## Dataset records
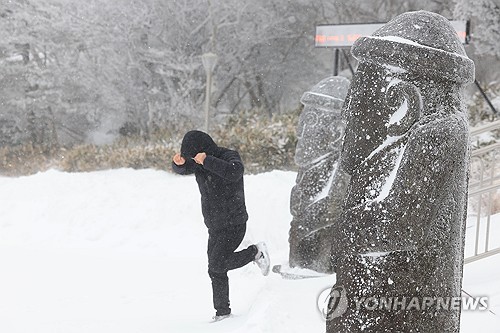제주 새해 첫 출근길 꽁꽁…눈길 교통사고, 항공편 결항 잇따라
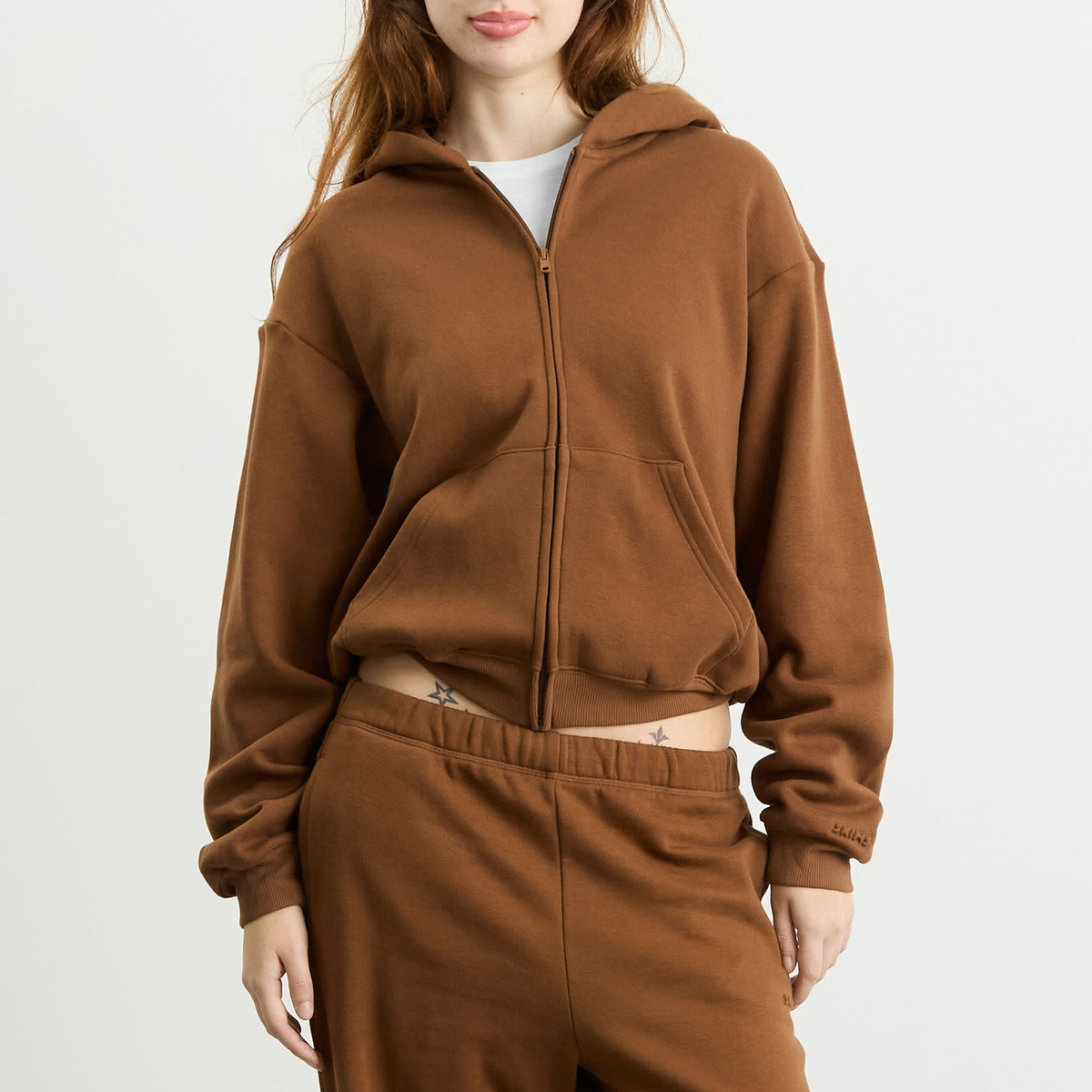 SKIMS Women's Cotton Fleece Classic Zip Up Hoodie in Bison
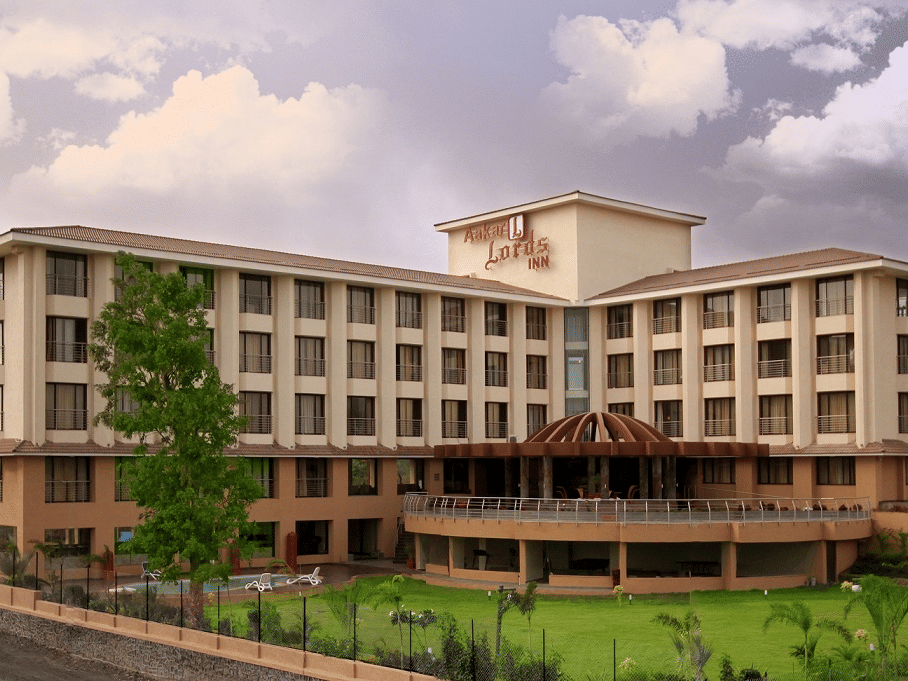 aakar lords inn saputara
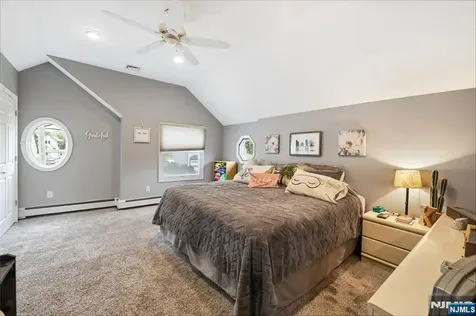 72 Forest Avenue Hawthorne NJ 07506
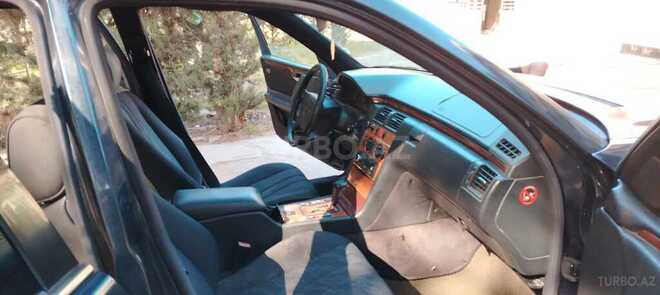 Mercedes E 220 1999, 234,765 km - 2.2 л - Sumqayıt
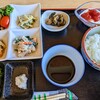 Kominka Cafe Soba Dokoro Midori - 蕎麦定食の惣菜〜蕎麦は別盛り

## What you will do
Print the listing above in full, exactly as written. Omit any pictures.

## Written response
제주 새해 첫 출근길 꽁꽁…눈길 교통사고, 항공편 결항 잇따라
 SKIMS Women's Cotton Fleece Classic Zip Up Hoodie in Bison
 aakar lords inn saputara
 72 Forest Avenue Hawthorne NJ 07506
 Mercedes E 220 1999, 234,765 km - 2.2 л - Sumqayıt
 Kominka Cafe Soba Dokoro Midori - 蕎麦定食の惣菜〜蕎麦は別盛り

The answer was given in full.